Die Anwendung soll ähnlich wie das TeamViewer Meeting werden nur eben das RTMP verwenden.


----------



## tröööt (16. Dez 2012)

also ich denke mal auch wenn man eine vernünftige lib findet die halbwegs performant ist dürfte java dafür nicht unbedingt die beste wahl sein ...
zwar haben dinge wie VNC proof-of-concept bewiesen das es auch mit java geht ... aber wenns dann doch halbwegs sinnvoll werden soll würde ich schon zu anderen sprachen raten ...

wenns mit SE-java sein soll : [japi]Robot[/japi] bietet alles was man braucht um sowas selbst zu basteln ... nur das es dann ganz schön ruckeln dürfte wenn man keinen halbwegs sinnvollen algorithmus verwendet


----------



## MR_UNIX (16. Dez 2012)

Basiert Robot auf RTMP? Ich will es nämlich auf jeden Fall per RTMP machen.


----------



## tröööt (16. Dez 2012)

ich hab schon extra API-tags verwendet damit die board-software einen anklickbaren link erzeugt ... und da mal drauf zu klicken sollte doch nicht so schwer sein ... und was du dann damit machen kannst weis google ...

aber mal von abgesehen ... weist du überhaupt was RTMP ist ?


			
				Wikipedia hat gesagt.:
			
		

> Das Real Time Messaging Protocol (RTMP) ist ein von Adobe Systems entwickeltes proprietäres Netzwerkprotokoll, um Audio-, Video- und sonstige Daten über das Internet von einem Media Server zu einem Flash-Player zu übertragen.


Das sieht mir nach einem one-way-protocol aus ... du könntest also nur den inhalt des hosts streamen ... allerdings diesen nicht manipulieren wie es bei VNC oder TeamViewer möglich ist ... (falls das überhaupt gewünscht ist)


----------



## MR_UNIX (16. Dez 2012)

Ich will auch nur den Bildschirm des Hosts streamen. Es geht um eine Livestream-Software. Und Robot habe ich mir derweil mal angesehen. Das kann ja nur den Bildschirm aufnehmen. Ich möchte diesen aber in Echtzeit streamen.


----------



## Marco13 (16. Dez 2012)

Eine Websuche nach "rtmp java" liefert einige Ergebnisse, ggf. erstmal eine passende Lib dafür aussuchen. Ich hab's nicht ausführlicher durchsucht, aber es KÖNNTE sein dass, selbst wenn du eine passende Lib dafür hast, das Problem nicht mehr die Übertragung an sich ist, sondern überhaupt an die Daten zu kommen. Robot ist für sowas i.a. zu langsam (oder war es zumindest früher mal). Schlimmstenfalls muss man sich da seine eigene Lib mit JNI basteln, um schnell an den Bildschirminhalt ranzukommen.


----------



## tröööt (17. Dez 2012)

gut ... wenn es nur um streaming geht ist java trotzdem nicht das mittel der wahl ...

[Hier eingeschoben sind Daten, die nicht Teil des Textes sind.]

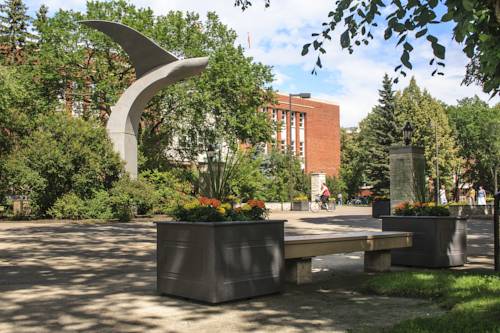 Edmonton Alberta 
Kanada Promo-Code Booking.com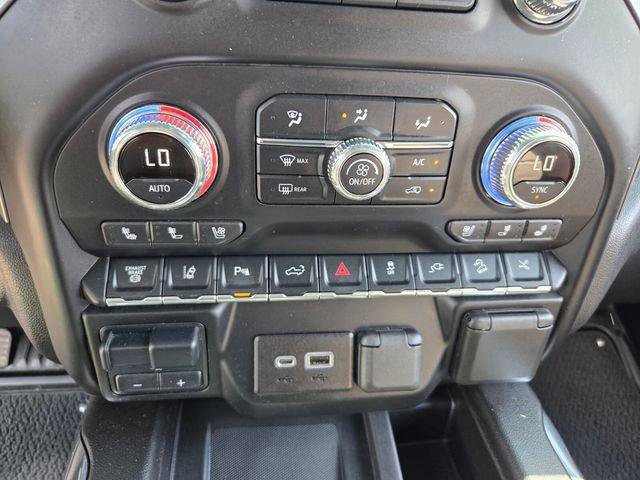 Certified 2022 GMC Sierra 2500 Denali w/ Denali Black Diamond Edition image 19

mit Robot.createScreenCapture(Rectangle) kann man zwar einen "screenshot" machen ... und wenn man multi-threaded arbeitet das auch mit recht hohen FPS ... aber die echt-zeit codierung in ein streaming-kompatibles format ... dafür ist reines java schlicht zu langsam ...

hier braucht man schon wirklich sehr gute native-libs die auch intiligent capturen ... also z.b. nur die veränderungen anstatt jedes mal ein komplettes frame ... und die auch gute und vor allem schnelle codecs nutzen ...


wie gesagt : proof-of-concept ist es möglich ... aber es dürfte nicht wirklich toll werden ... zumindest im vergleich mit richiger streaming-software wie z.b. xsplit ...
außerdem müsstest du auch eine freeware-lib finden ... denn wie oben steht : RTMP ist eigentum von Adobe ... und es dürfte mich schwer wundern das die freiwillig eine en-coder-lib gratis verteilen ...


----------